A “managed security service” resulting from the implementation of KSI marks a new era for insurers. As they seek organizational intelligence of digital assets to make real-time policy adjustments, they are also making concrete conclusions about the insured asset risks, threat, exposure and cyber landscapes affecting clients. Claims processing and disputes become simpler as the technology preserves the forensic traceability and historical provenance of the digital asset, enabling rapid determination of when and how a breach or manipulation occurred and who or what was involved. Hackers and malicious insiders cannot cover their tracks. Moreover, proving negligence is now possible. Negligent acts may be quickly detected and proven in the event the service provider does not comply with the contracts maintained in force with the enterprise.  

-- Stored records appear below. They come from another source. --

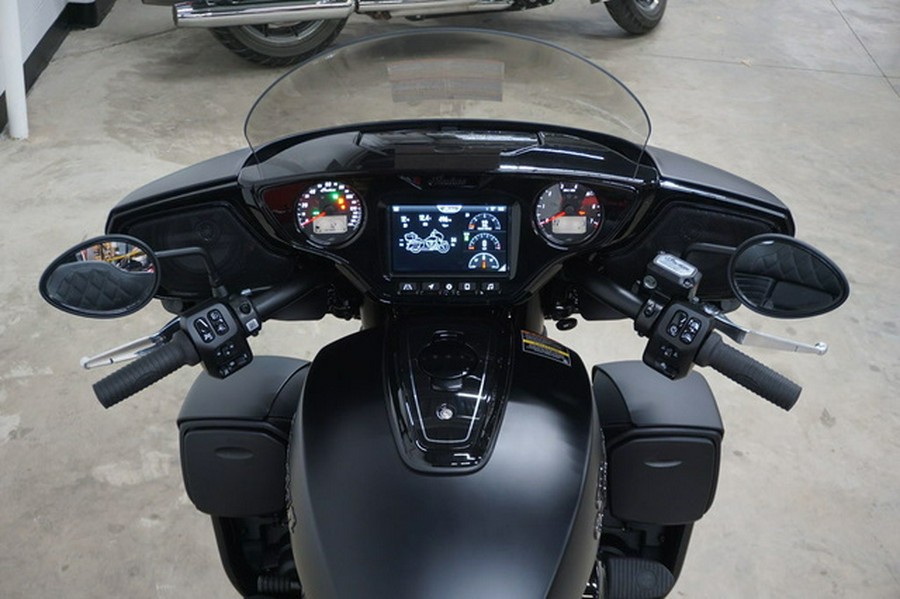 2026 Indian Roadmaster Powerplus Dark Horse Black Smoke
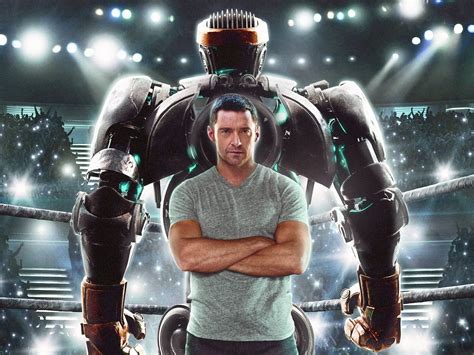 real steel real boxing|hugh jackman real steel.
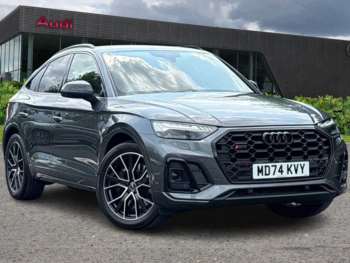 2025 - SQ5 TDI Quattro Black Edition 5dr Tiptronic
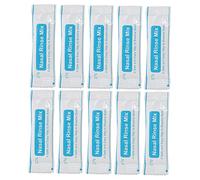 PERSELOSO 80pcs Convenient Nasal Rinse Salt Mucus Relief Portable Wash Salt for Nose Care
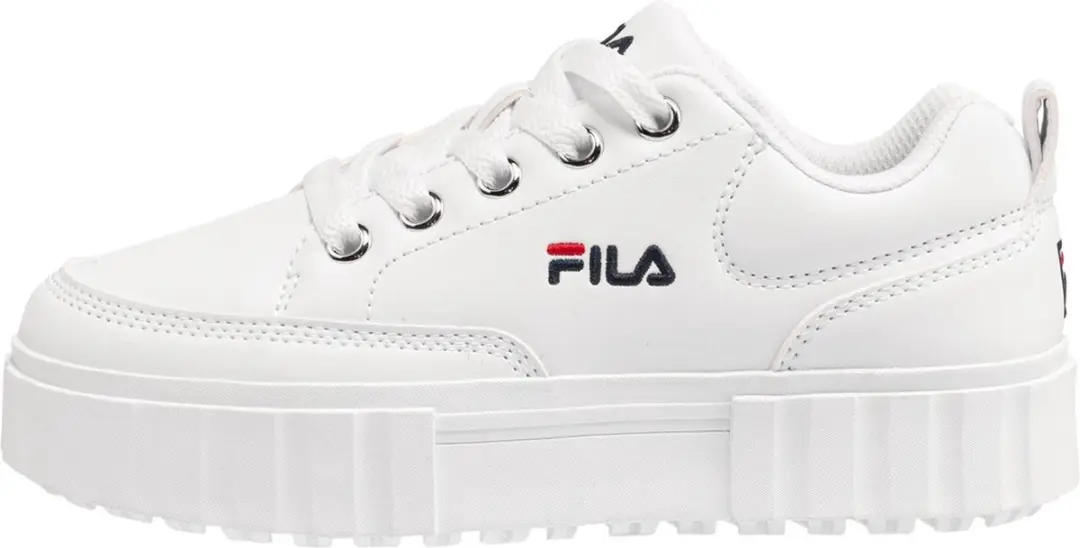 Fila tennissneaker Sandblast voor kinderen, wit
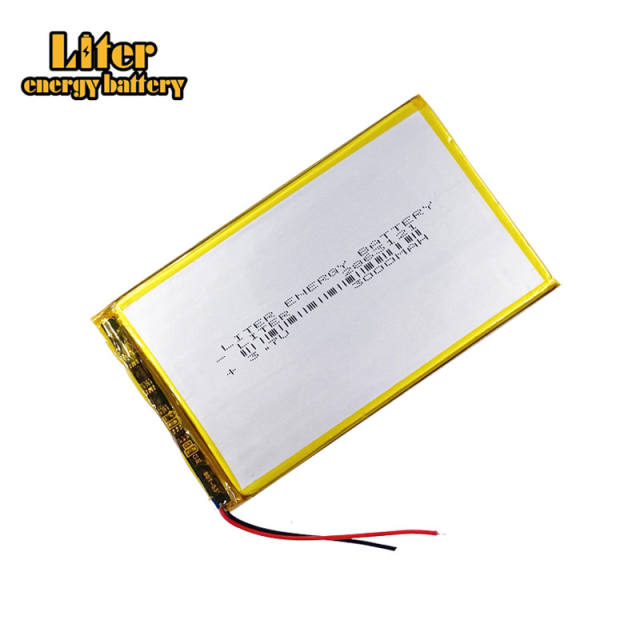 2863121 3.7V Rechargeable batteries 3000MAH lithium polymer battery tablet battery mobile power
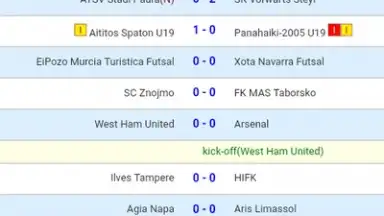 Bet9ja Extra with predictions and Livescores screenshot 6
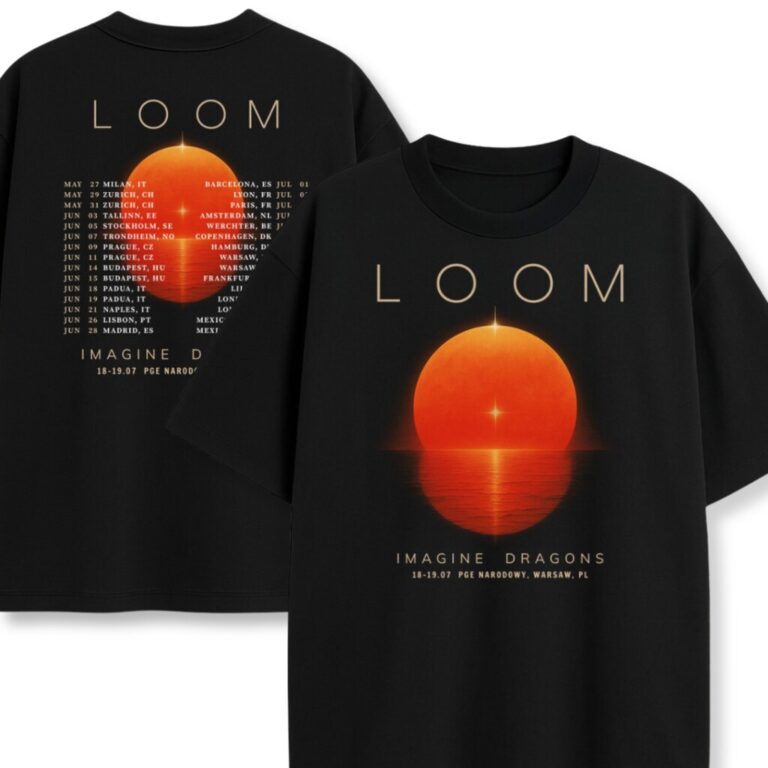 T-shirt dwustronny Imagine Dragons Loom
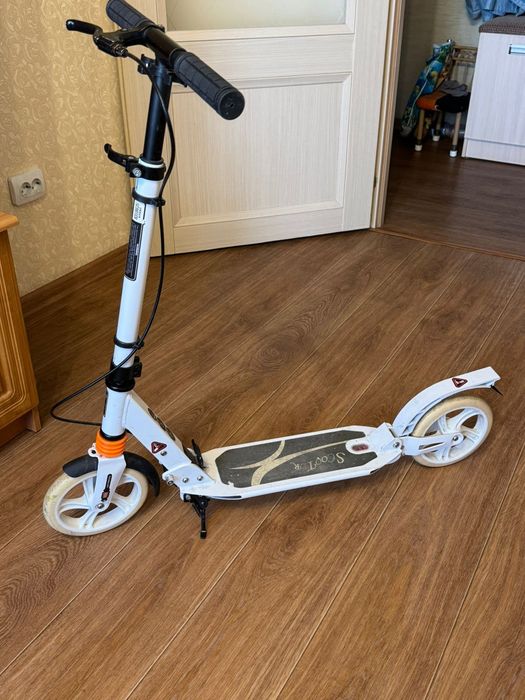 Самокат обычный с тормозами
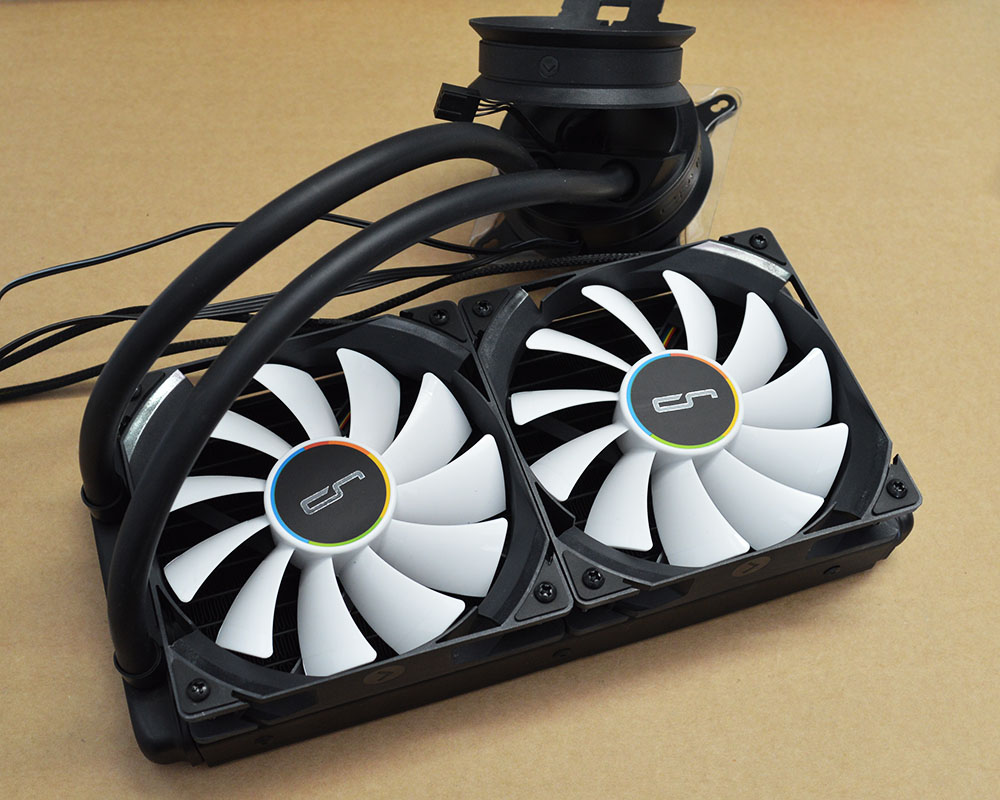 CRYORIG A40 AIO CPU Cooler Review FunkyKit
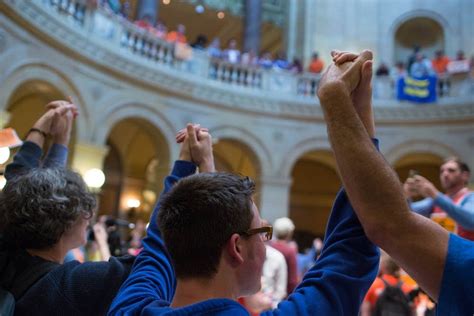 Photos Senate Passes Same Sex Marriage Bill Minnesota Public Radio News
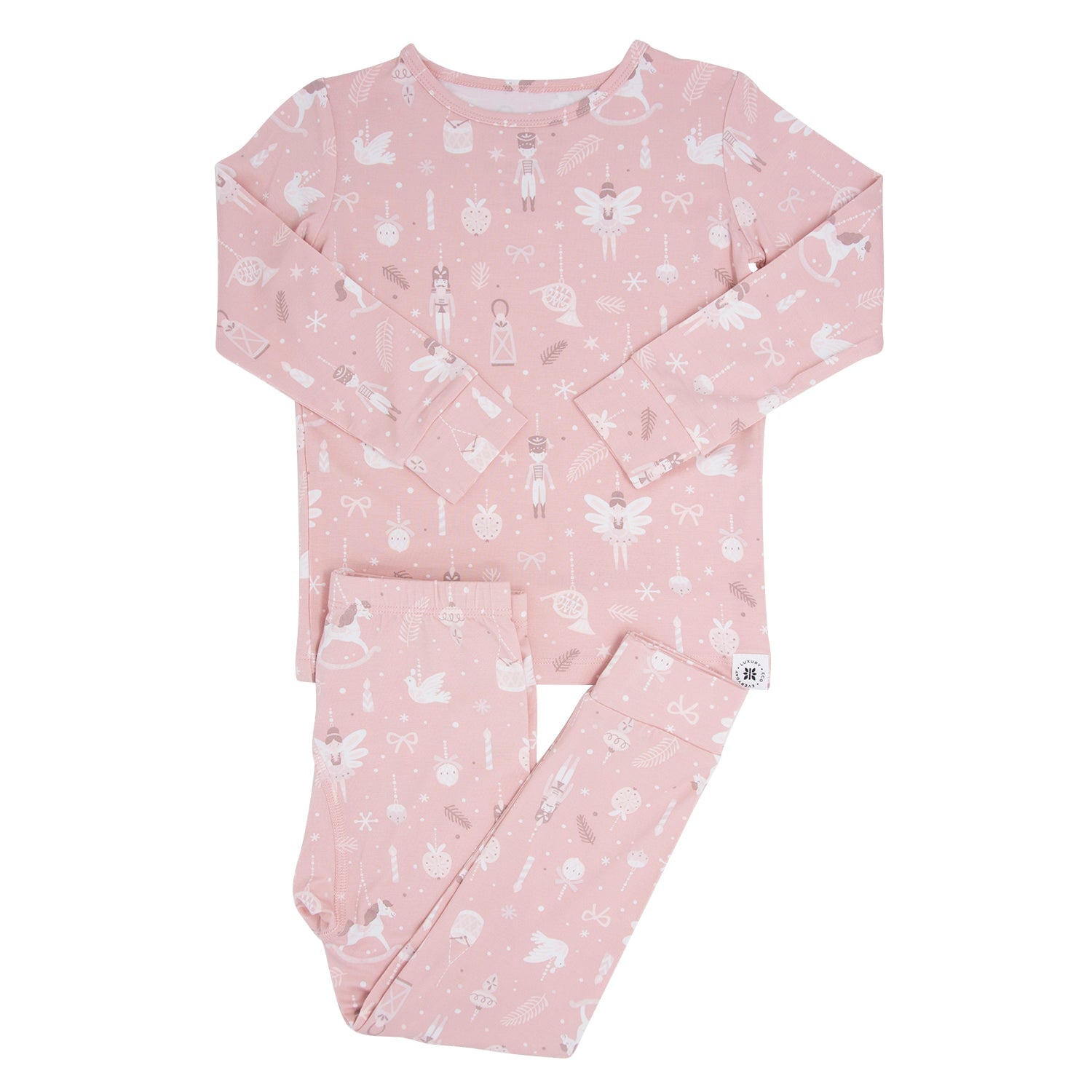 Pink Nutcracker Big Kid Pajama
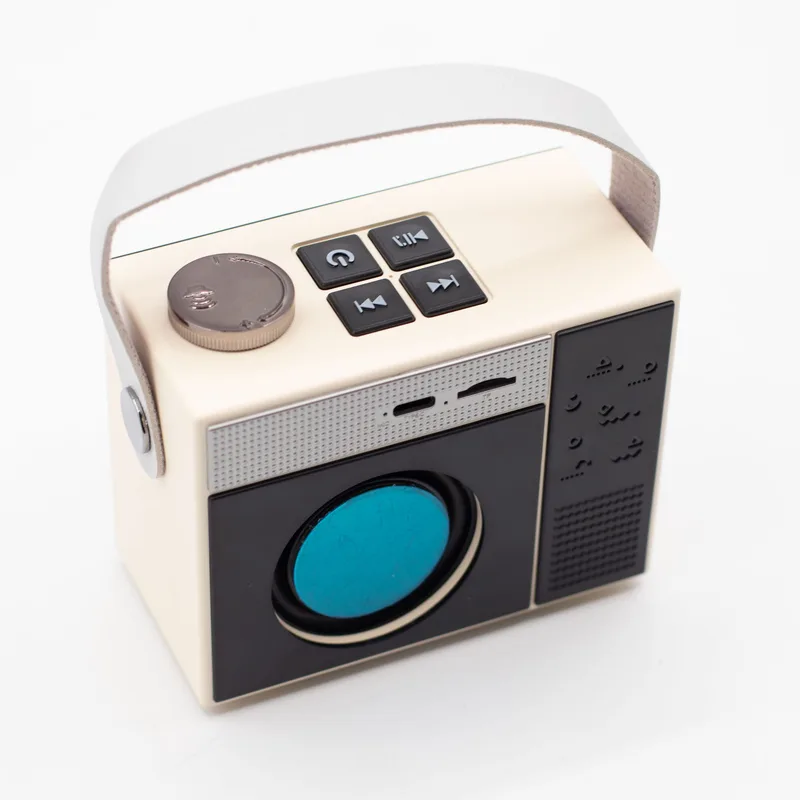 Retro Radio Speaker Jojocut C10 — foto 4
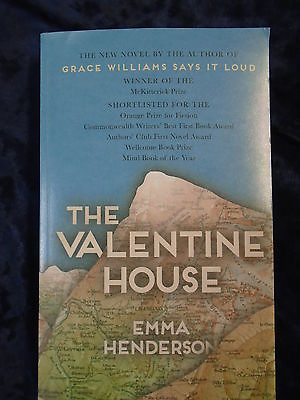 #ad THE VALENTINE HOUSE by EMMA HENDERSON SCEPTRE 2017 UK POST £3.25 P B*PROOF* GBP 9.99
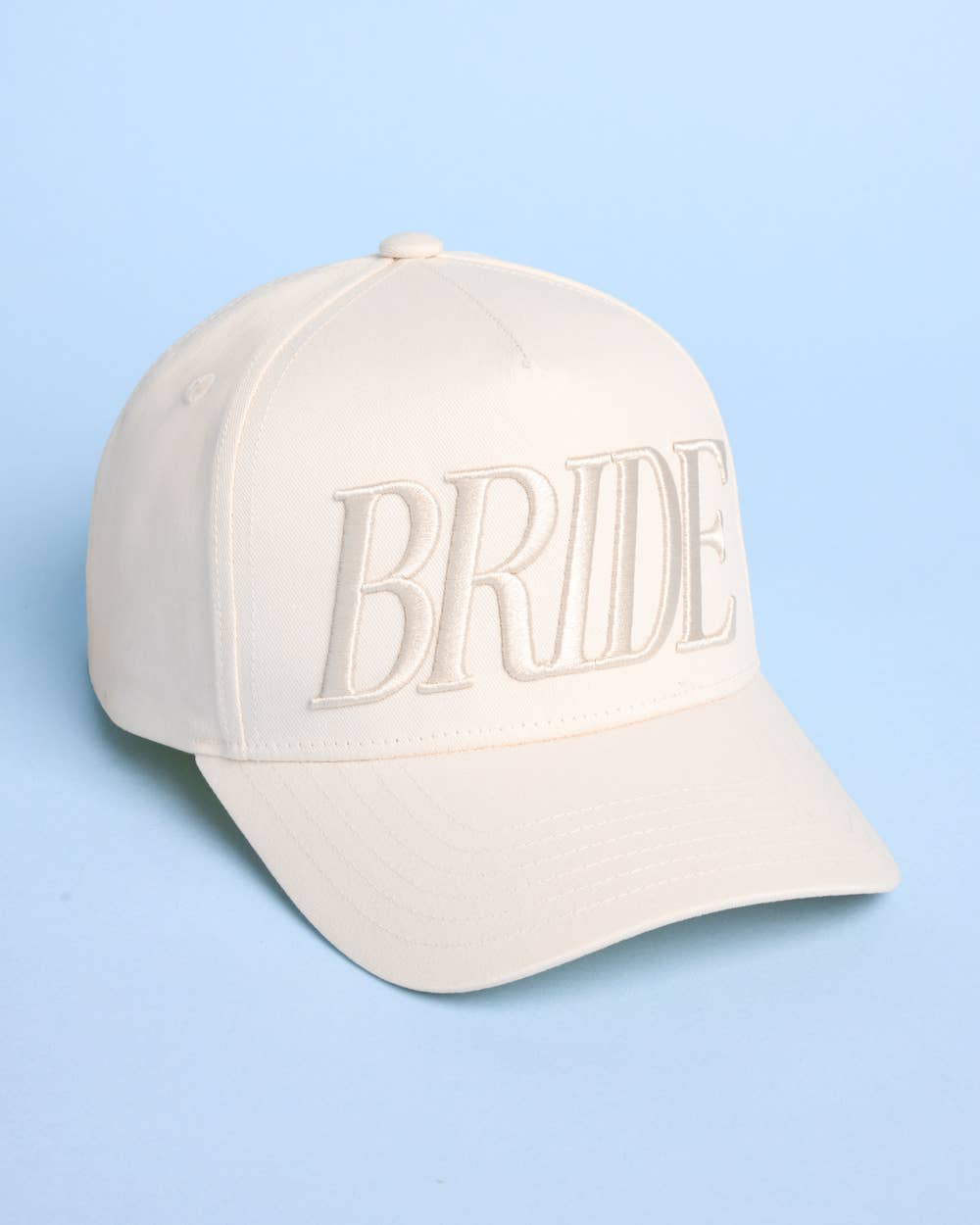 All White Bride Trucker Hat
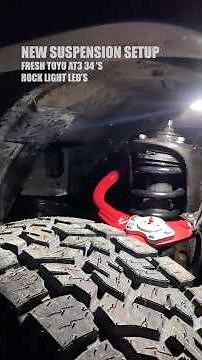 4th Gen 4runner Suspension upgrade work with Bilstein 5100 Lift for 34's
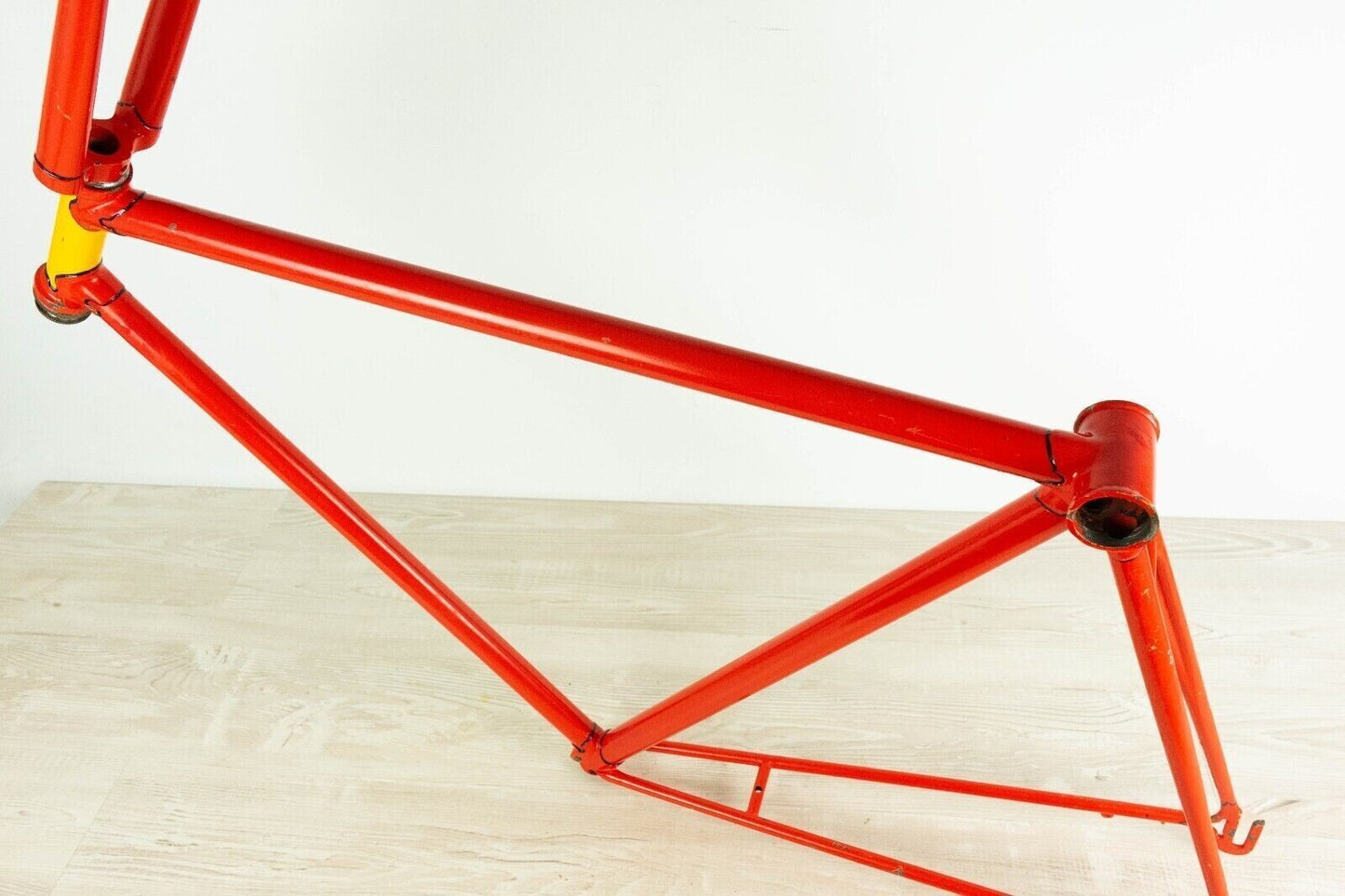 30S VINTAGE ROAD BIKE FRAME SET FLIP FLOP EROICA 55 57 BICYCLE OLD RACING 40S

Most breaches today go unnoticed until long after they occur and the damage has been done. Active integrity involves continuous verification of the integrity of data in storage using keyless signatures. It is equivalent to having an alarm on your physical property and a motion detector on every asset that cannot be disabled by insiders.

Because of the volatile nature of electronic data, any hacker knows how to delete or manipulate logs to cover his tracks and attribute his activity to an innocent party, which is why attribution of crimes on the internet is so difficult. Integrity is the gaping security hole. A loss of integrity is what leads to data breaches, introduced by malware, viruses or malicious insiders.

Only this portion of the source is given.